## Problem statement
Every line from the line containing "Xịt chế hòa" through the end of the data is to be reproduced exactly, excluding pictures.

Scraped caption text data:
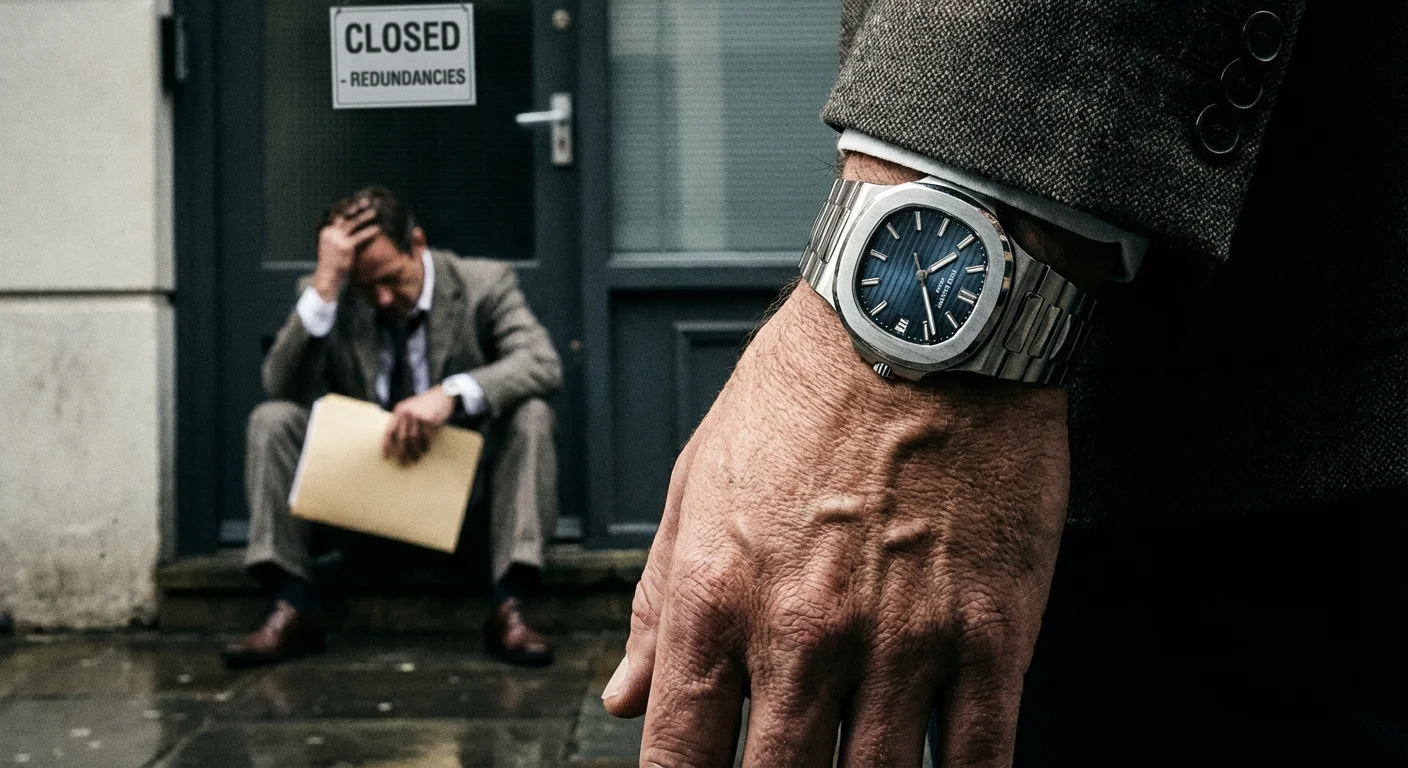 Close-up of a watch with a blurred image of an employee waiting outside a closed office door.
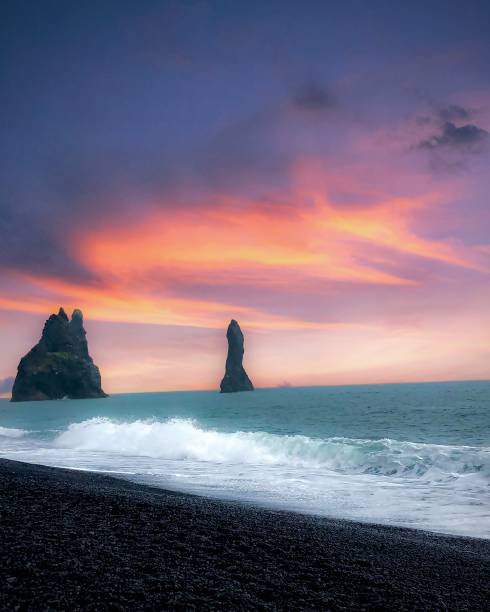 istock Iceland Black Rock Beach Sunset 1347116179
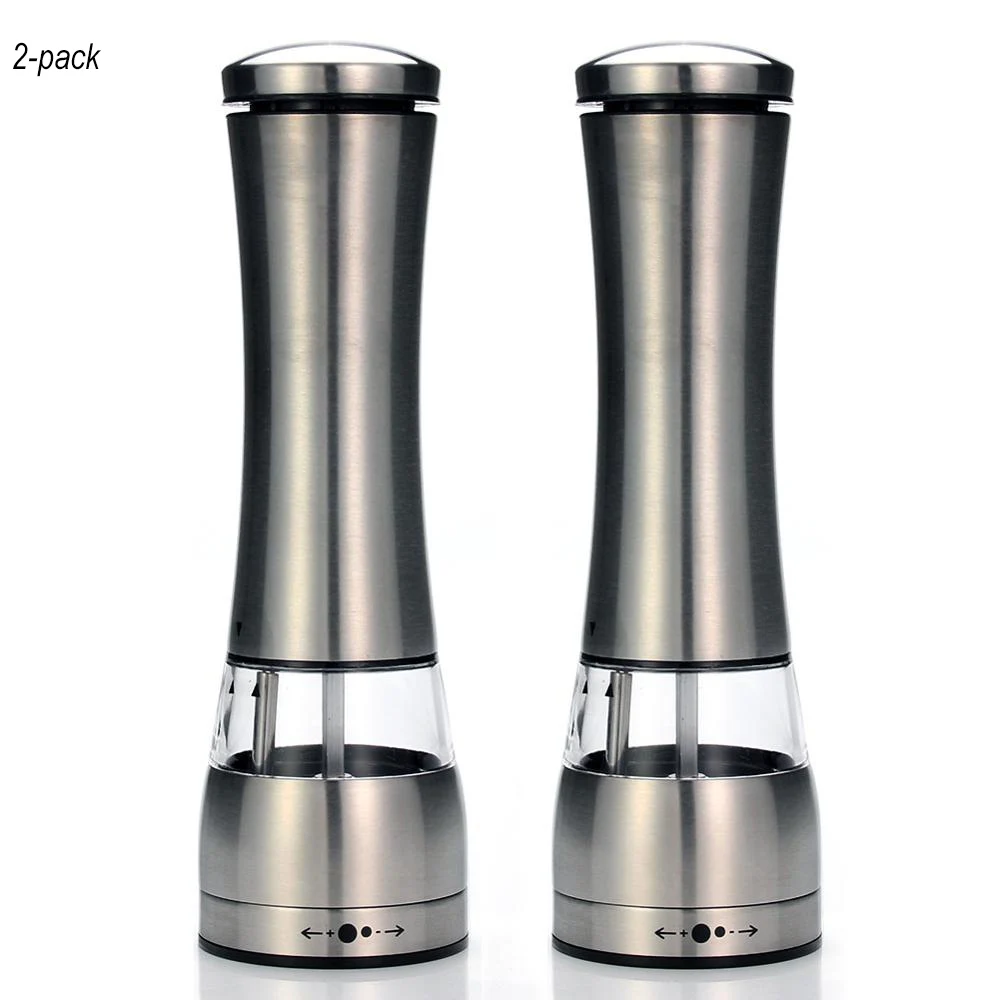 Мельница для соли и перца работающая от батареек из нержавеющей стали набор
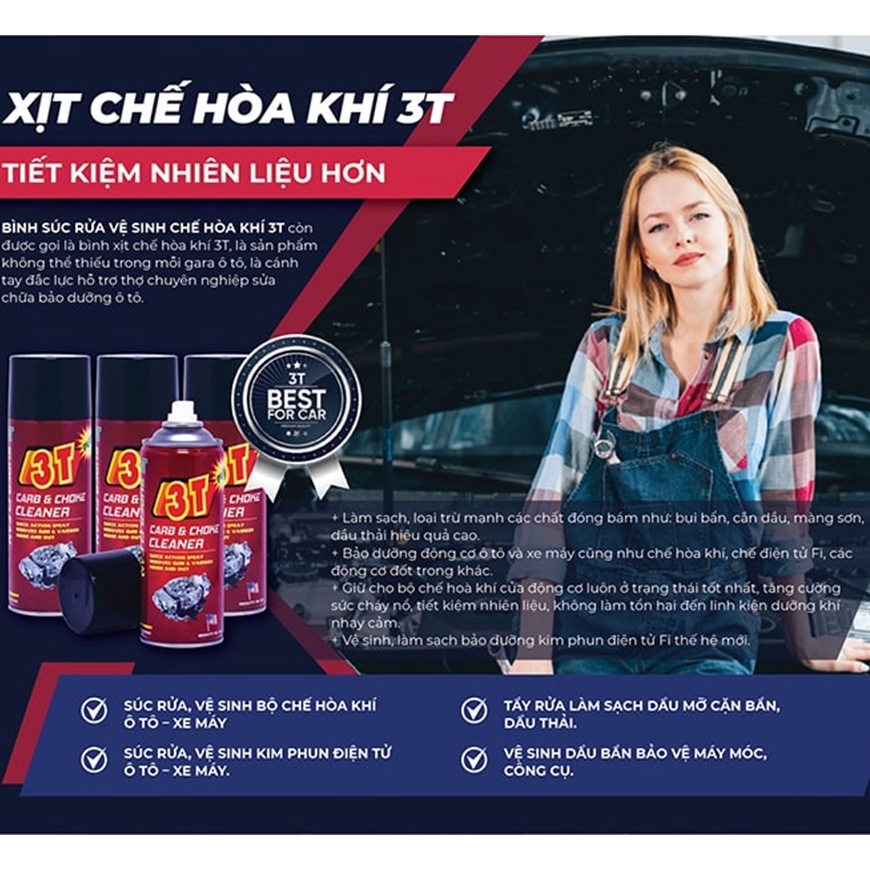 Xịt chế hòa khí ô tô, dung dịch rửa dầu mỡ máy, xúc bình xăng con ô tô, vệ sinh họng ga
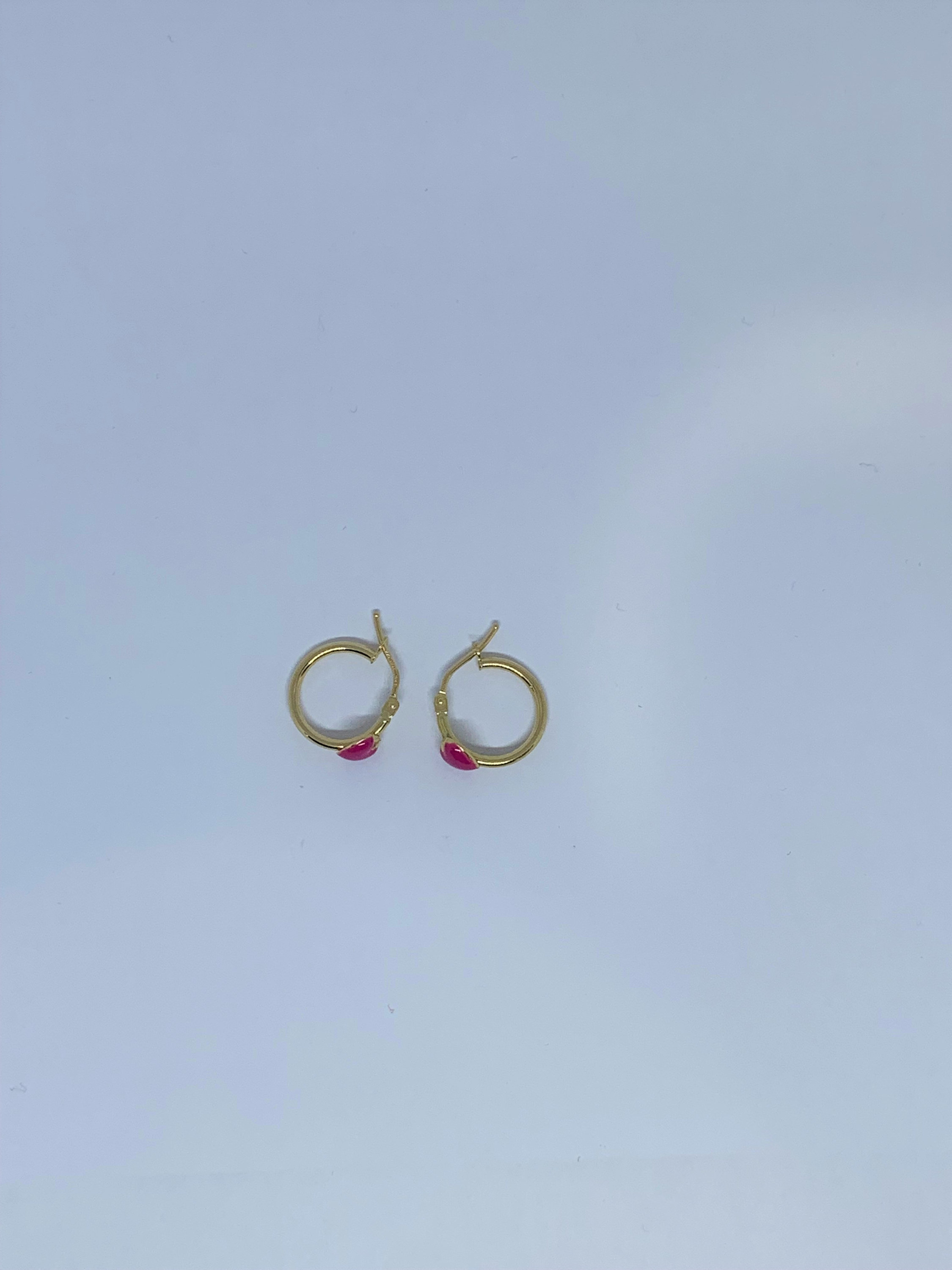 Vintage Heart Earrings in Gold, Little Girls Earrings, Pink Earrings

## Reply to the exercise
 Xịt chế hòa khí ô tô, dung dịch rửa dầu mỡ máy, xúc bình xăng con ô tô, vệ sinh họng ga
 Vintage Heart Earrings in Gold, Little Girls Earrings, Pink Earrings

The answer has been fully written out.